> **Exercise requirements**:
Please set down, with no changes, every line of the material below from the one containing "90lb Pork Lamb" through the end. Skip the pictures.

────────────────────────────────────────

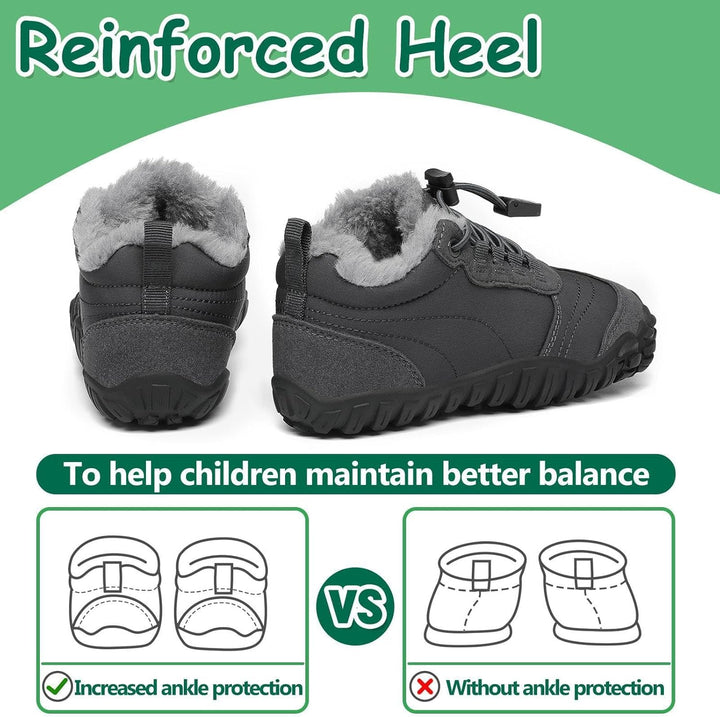 SAGUARO Kinder Winter Barfussschuhe Winterschuhe Warme Gefüttert Wanderschuhe Leicht rutschfest Wint
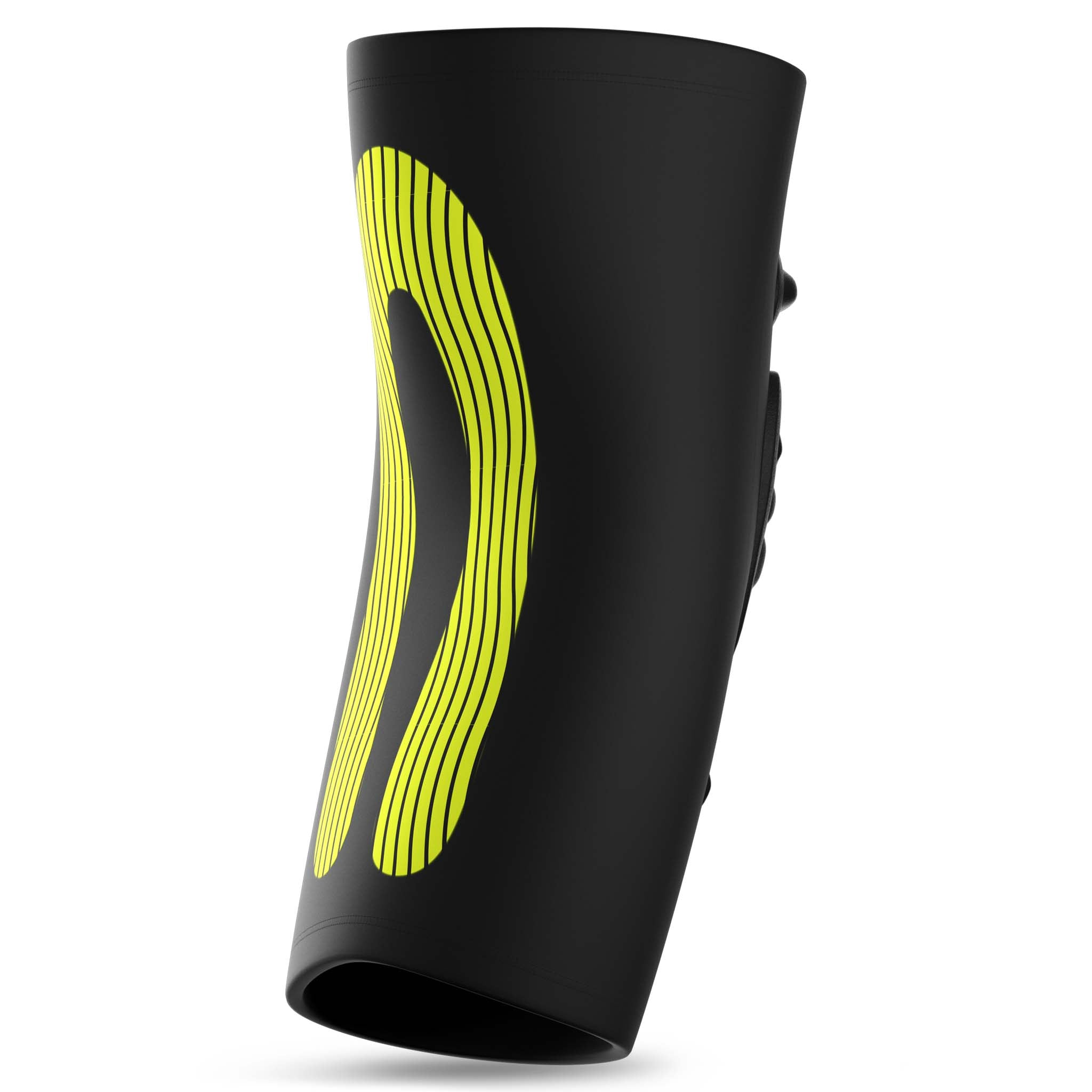 Svart Compression elbow support 6650 sportsstøtte med gule linjer, sett bakfra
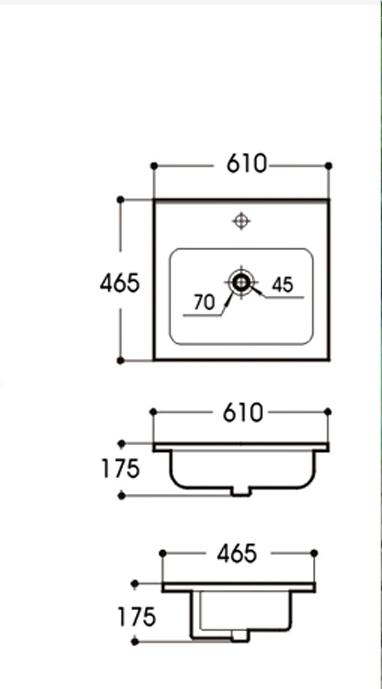 Ceramic Vanity Top White 600mm (03) - Image 2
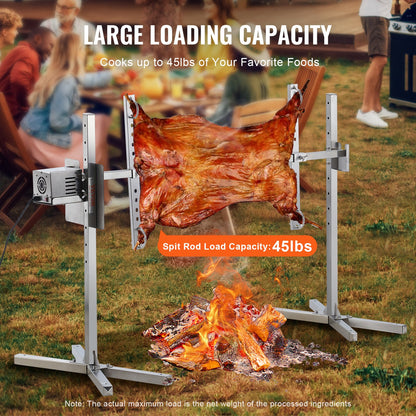 46" Electric BBQ Rotisserie Grill Kit Stainless Steel Grill 90lb Pork Lamb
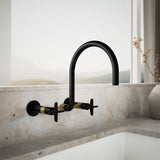 Billet® Two-hole wall-mount bridge kitchen sink faucet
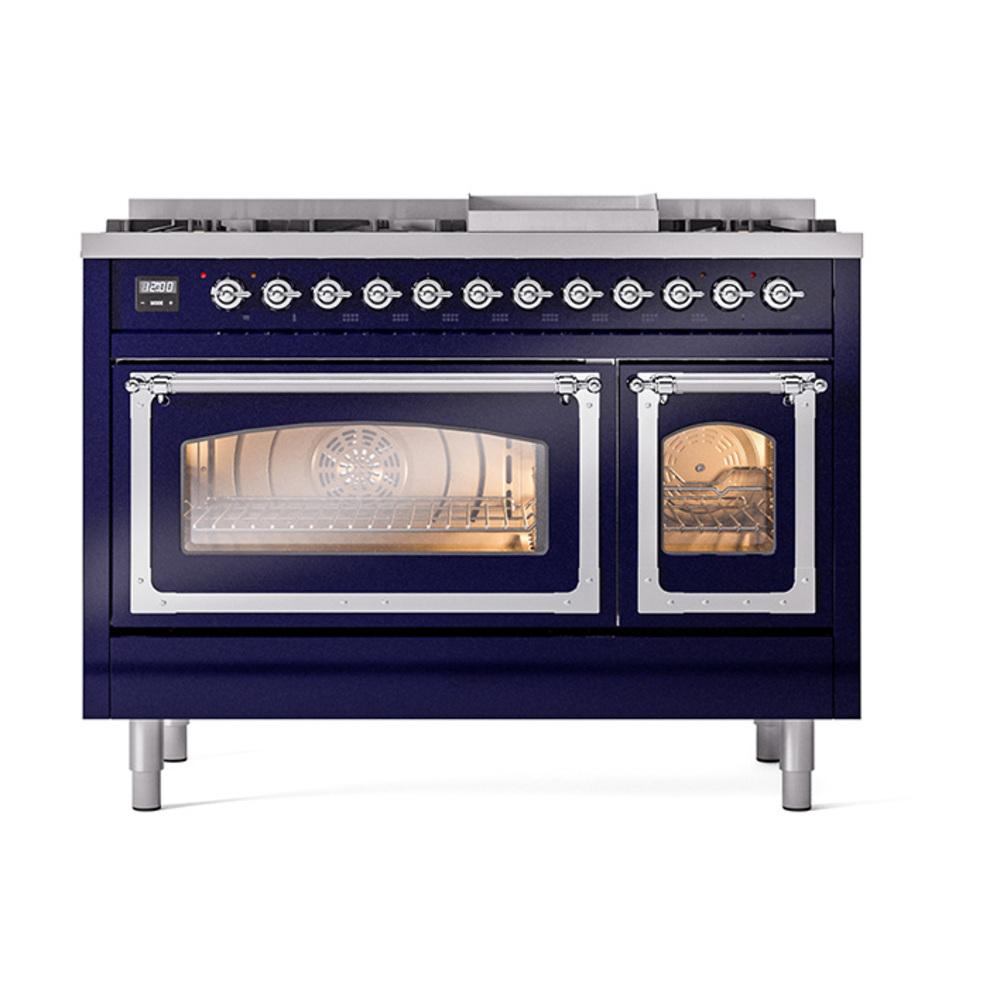 ILVE UN48FNMPMBCLP Nostalgie II Noblesse 48 inch Dual Fuel Range (8 Sealed Burners + Griddle, Liquid Propane, Triple Glass Door, Midnight Blue, Chrome)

────────────────────────────────────────

> **Result of this exercise**:
 46" Electric BBQ Rotisserie Grill Kit Stainless Steel Grill 90lb Pork Lamb
 Billet® Two-hole wall-mount bridge kitchen sink faucet
 ILVE UN48FNMPMBCLP Nostalgie II Noblesse 48 inch Dual Fuel Range (8 Sealed Burners + Griddle, Liquid Propane, Triple Glass Door, Midnight Blue, Chrome)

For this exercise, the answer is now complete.